It's still something. Each additional reactor piles more on the power companies and less on the government. That's how I'd get rid of the act - just keep increasing the private liability.

I think the Navy's certification process for subs would work if implemented for power reactors, they have best practices and it could work counter cyclical to the private economic cycle.

Is it really that relevant to a ground based commercial power nuclear plant? Besides, given the USA's track record over my lifespan, does it really NEED huge changes? Oh, and 'too cheap to meter' was always a wild idea.

Tough to just shut down a plant providing 35% of a state's electricity, but in the context that we've built the replacement first, acceptable.

I know I've mentioned in this thread that any extensive building of new nuclear plants would be to shut down older, inefficient, more dangerous plants, whether coal or nuclear, with safer modern plants.

' Cyberspies have penetrated the U.S. electrical grid and left behind software programs that could be used to disrupt the system, according to current and former national-security officials'

"There are intrusions, and they are growing .. There were a lot last year"

'Many of the intrusions were detected not by the companies in charge of the infrastructure but by U.S. intelligence agencies, officials said. Intelligence officials worry about cyber attackers taking control of electrical facilities, a nuclear power plant or financial networks via the Internet'

Given the great Northeast Blackout of Aug 14 2003 and a similar incident at a Davis-Besse nuclear power plant the previous January, why is the US still using the Internet to control the power grid? And that's assuming that any of the above is even true.
-------

PROTHERO: Do you believe this crap, Dascombe?

DASCOMBE: It's not our job to believe it, Lewis. Our job is to tell the people --

PROTHERO: "Exactly what they tell us." I Know but do you think that people will believe it?

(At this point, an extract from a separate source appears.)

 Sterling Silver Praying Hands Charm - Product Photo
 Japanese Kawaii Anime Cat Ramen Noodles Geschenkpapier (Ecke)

DASCOMBE: They will if it's you that's telling it to them. Now let's try it again.

"The robustness of US power networks has been a hot-button issue after a technical glitch in 2003 caused a cascading power failure in the eastern United States and Canada that affected 55 million people"

The nature of the 'technical glitch' was using Windows NT SCADA units to relay info over the Internet in the middle of the Blaster worm infestation. As was demonstrated in the earlier MS SQL Server 2000 worm infestation of a nuclear power plant.

Yer, nice present for the grandchildren (sorry son, we where unable to live within our means so here is some deadly shit for you to either fix or look after for 100,000 years).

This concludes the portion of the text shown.